そのため膀胱炎など尿路感染症の治療では、ニューキノロン系のお薬が第一選択となる場合が多いです。
耐性菌と副作用

抗生物質を使用する上で、「耐性菌」と「副作用」について、しっかり頭に入れておいたほうが良いでしょう。
耐性菌
抗生物質を使用するうえで「耐性菌」という存在を忘れてはいけません。
抗生物質での治療を続けているうちに、効果に耐性のある菌が偶発的に発生してしまう状態のことです。
ペットの個体差や膀胱炎の状況にもよりますので、抗生物質を止めるタイミングは検査をしてからにしましょう。
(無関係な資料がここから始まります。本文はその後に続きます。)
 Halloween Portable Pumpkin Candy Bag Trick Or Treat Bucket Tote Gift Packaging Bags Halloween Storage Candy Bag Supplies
抗生物質は効き目が早ければ、投与してから1~2日で症状が治まってくることがあります。
しかし、そこで飼い主さんの判断で治療を中断してはいけません。
その段階ではまだ体内に細菌が残っているのが普通です。
そしてその状態で抗生物質を止めてしまうと、残っている細菌がまた増殖し、膀胱炎が再発してしまうのです。
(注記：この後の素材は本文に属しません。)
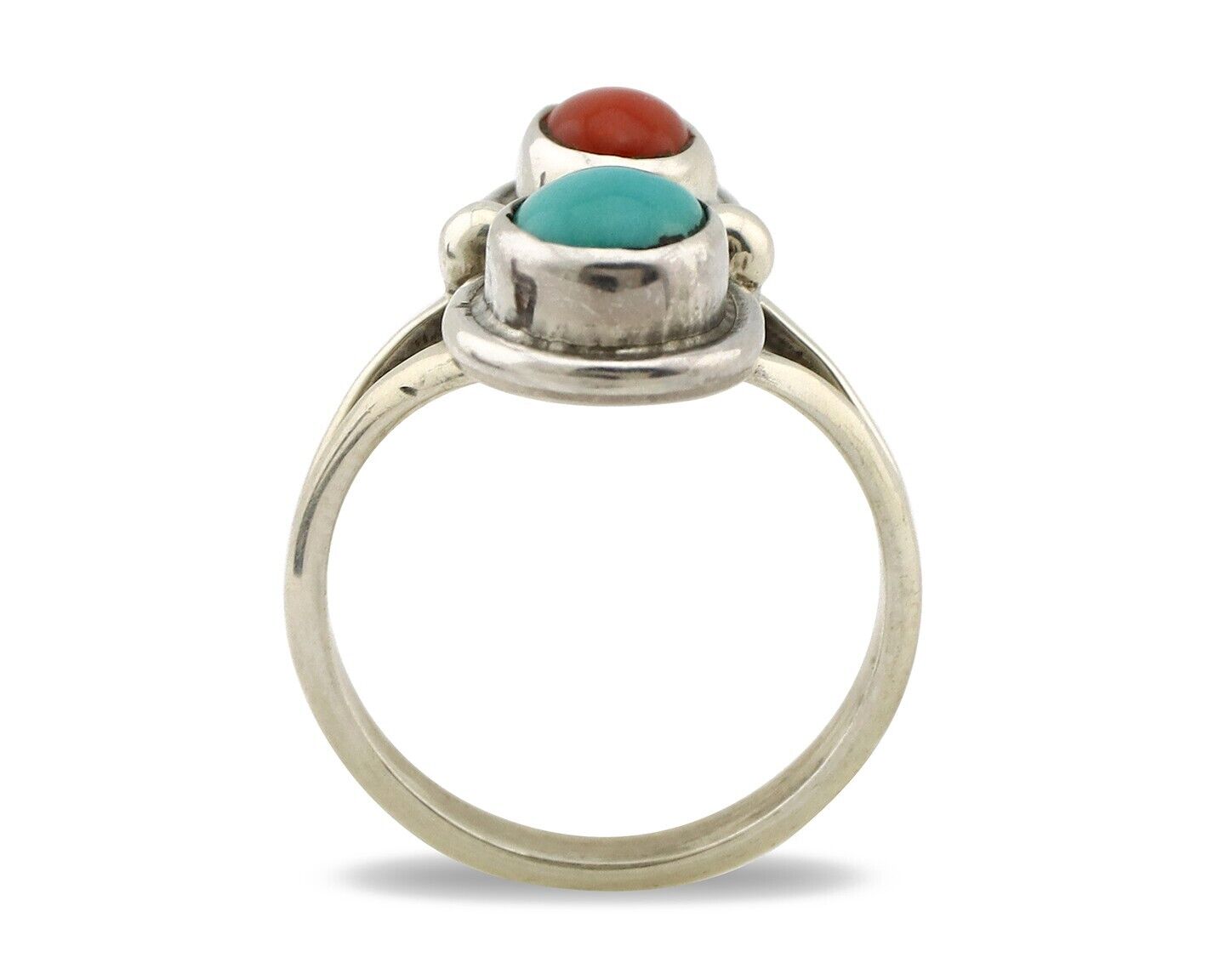 Navajo Handmade Ring 925 Silver Coral & Turquoise Native American Artist C.80's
抗生剤の投与と中断、再発を繰り返していればその都度残っていた細菌がお薬に慣れて、効かなくなるということが起こってしまいます。
これが耐性菌と言われるものです。
副作用
副作用はどのタイプのお薬でも起こりえるものです。
しかし抗生物質の場合は特に、胃腸障害の副作用が起こることがあり、
・腹痛
・嘔吐
・下痢
などが比較的多く現れます。
他にも、皮膚や全身性の副作用で
・痒み
・湿疹(じん麻疹)
・倦怠感
などが見られることもあり、さらに稀な例ですが、
・むくみ
・息切れ
・黄疸
・めまい
・貧血
・アナフィラキシーショック
が引き起こされる危険性もあります。
抗生物質は特定の悪い菌だけに効果的なのではなく、良い細菌(善玉菌など)にも作用してしまうので、副作用が起こります。
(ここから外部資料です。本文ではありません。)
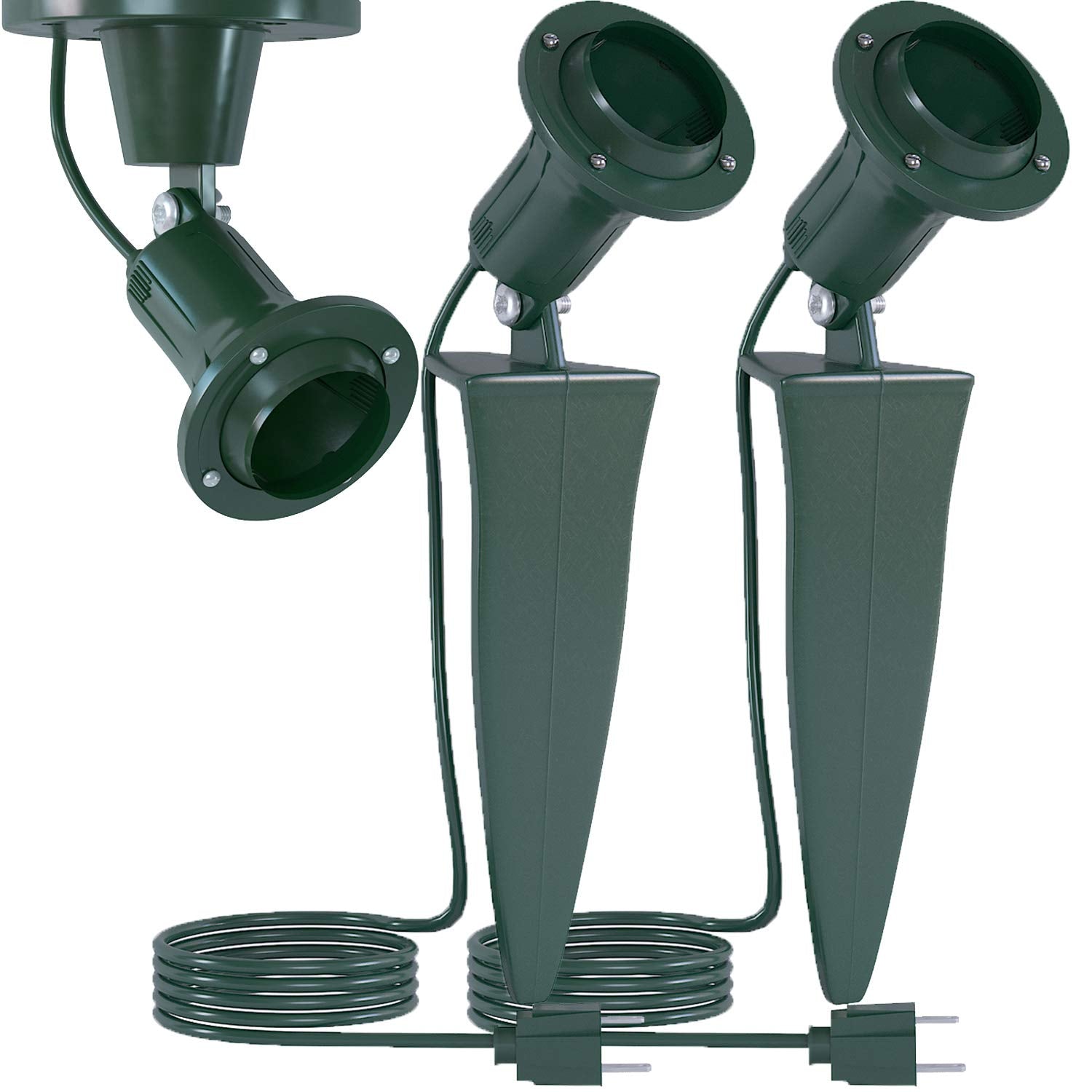 Home Intuition Outdoor Flood Stake Light, 6-ft Cord, Metal, Green, 2-Pack, Model SL08619-2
良い細菌にも影響があれば、当然腸内バランスが崩れてしまいます。
抗生物質には、様々な種類のものがあるのでペットの体質によっては合わないこともあります。
その場合は抗生物質の投与を一度止め、病院に問い合わせてください。
お薬を変更して、他の抗生物質で対応するようにしましょう。
まとめ

抗生物質について、副作用などの説明などをしてきましたがいかがでしたでしょうか?
抗生物質には、注射や飲み薬、塗り薬、シャンプーなどいろいろな使い方があります。
それぞれ必要な場所や状態、効果に応じて獣医師さんが選んでお渡ししています。
抗生物質は耐性菌や副作用といった難しい点もありますが、正しく使用すれば病気に対して絶大な効果を発揮する頼もしいお薬です。
飼い主さんの判断で扱うのではなく、ペットの様子を見ながら獣医師さんと相談し最善の方法をとるようにすることが重要です。